Смекни!
smekni.com

Отличительные особенности "пограничных" цивилизаций (стр. 4 из 8)

Охарактеризованную тенденцию отторжения западного типа рационализма можно проследить на многих примерах из истории российской культуры XIX-XX веков - вплоть до самого последнего времени. Ее основоположник - И. Киреевский. Очень ярко она проявилась у таких отечественных мыслителей, как Ф. Достоевский, Н. Данилевский, К. Леонтьев и В. Ильин. Так, по словам Ильина, « Россия, несомненно, представляет величайшую загадку. Загадка эта страшна, «Страшна, потому что неопределима и определить нельзя», - скажем словами Достоевского. - Россия - тайна, недоступная логическому «эвклидову» уму» [16, с. 60]. » В. Ильин писал: «Россия, повторяем, целый мир, космос, - не только космос, но и хаос, она - хаокосмос» [16, с. 60].

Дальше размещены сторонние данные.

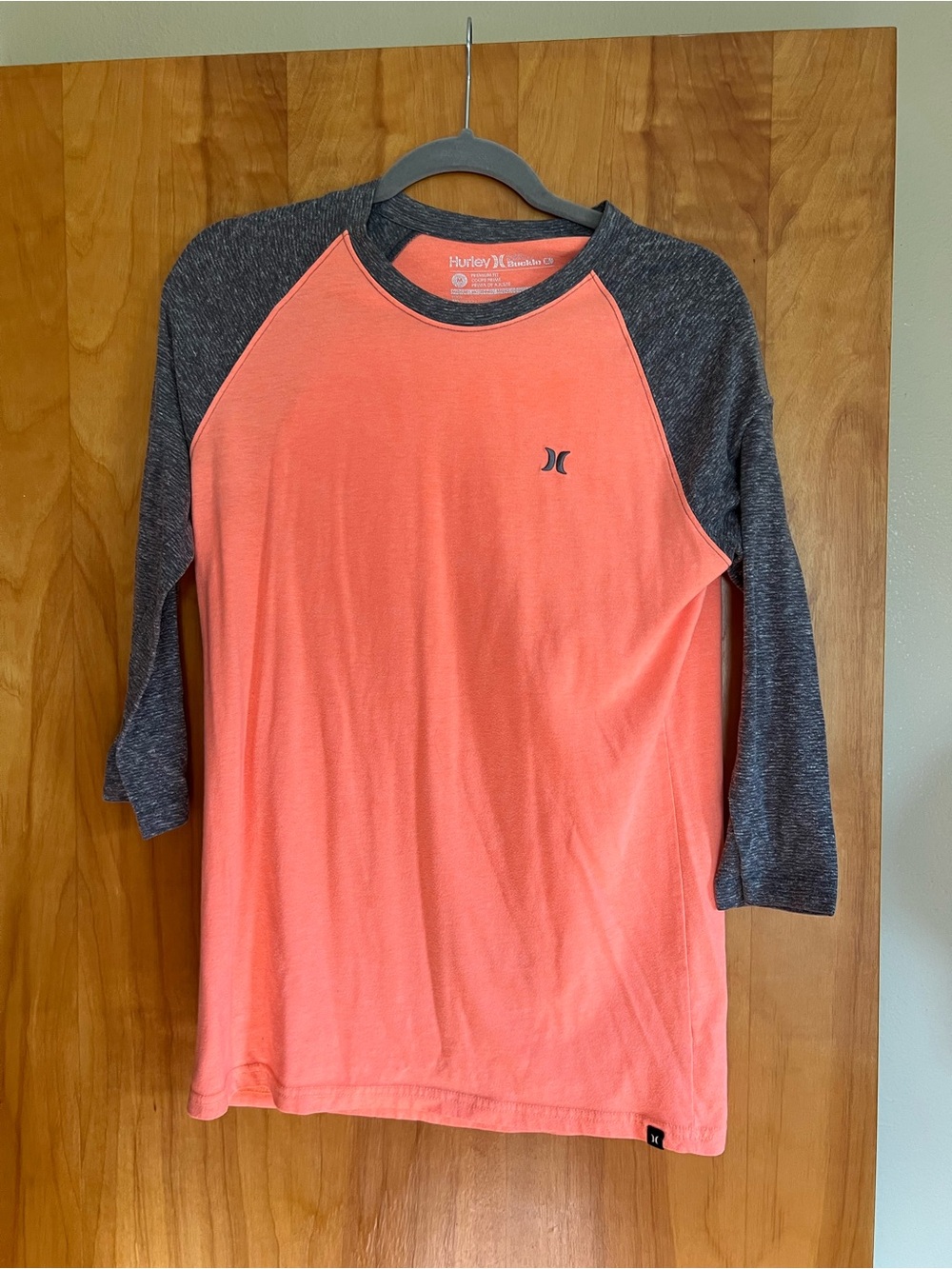 Hurley Coral and Gray Raglan Short-Sleeve Tee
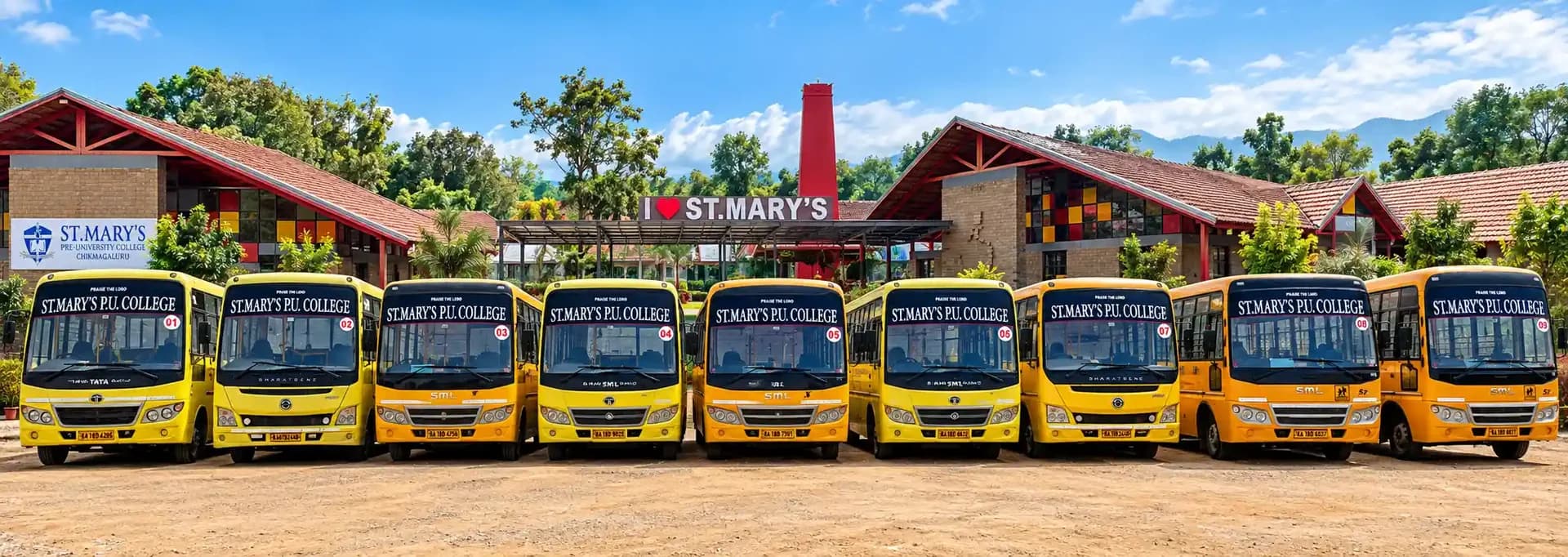 The St. Mary's PU College bus fleet lined up on campus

Так же, как и в случае с Латинской Америкой, алогичность русского сознания и русского бытия имеет своим следствием его неупорядоченность, хаотичность. Правда, данные качества, по общему правилу, не интерпретируются в российской традиции в столь же положительном ключе, как это чаще всего имеет место у латиноамериканских мыслителей. Более того, отсутствие единого начала, дисциплинирующего волю и мышление и вытекающие отсюда хаотичность и неупорядоченность русского сознания и русской жизни трактуются как могущественные отрицательные факторы отечественной истории такими разными мыслителями, как Н. Бердяев, И. Ильин, Н. Лосский. Бердяев ставит в этой связи перед русским человеком задачу «выработать дисциплину воли и чувства», преодолеть стихию хаоса (цит. по [12, с. 55]). Цивилизация и варварство: беспокойство границы

Антиномия цивилизации и варварства приобрела в цивилизационном «пограничье» характер одной из основных дуальных (бинарных) оппозиций (К. Леви-Строс, А. Золотарев, А. Ахиезер, И. Яковенко, А. Пелипенко и др.) - элементарных клеточек культуры. С ориентацией «вектора конструктивной напряженности» на тот или иной из полюсов оппозиции оказался связан здесь сам процесс смыслообразования. Оценка феноменов цивилизации и варварства представителями разных течений латиноамериканской и российской мысли различна, во многих случаях - прямо противоположна. Но значимость проблемы соотношения между данными феноменами в системе смыслов культуры признавалась и признается всеми.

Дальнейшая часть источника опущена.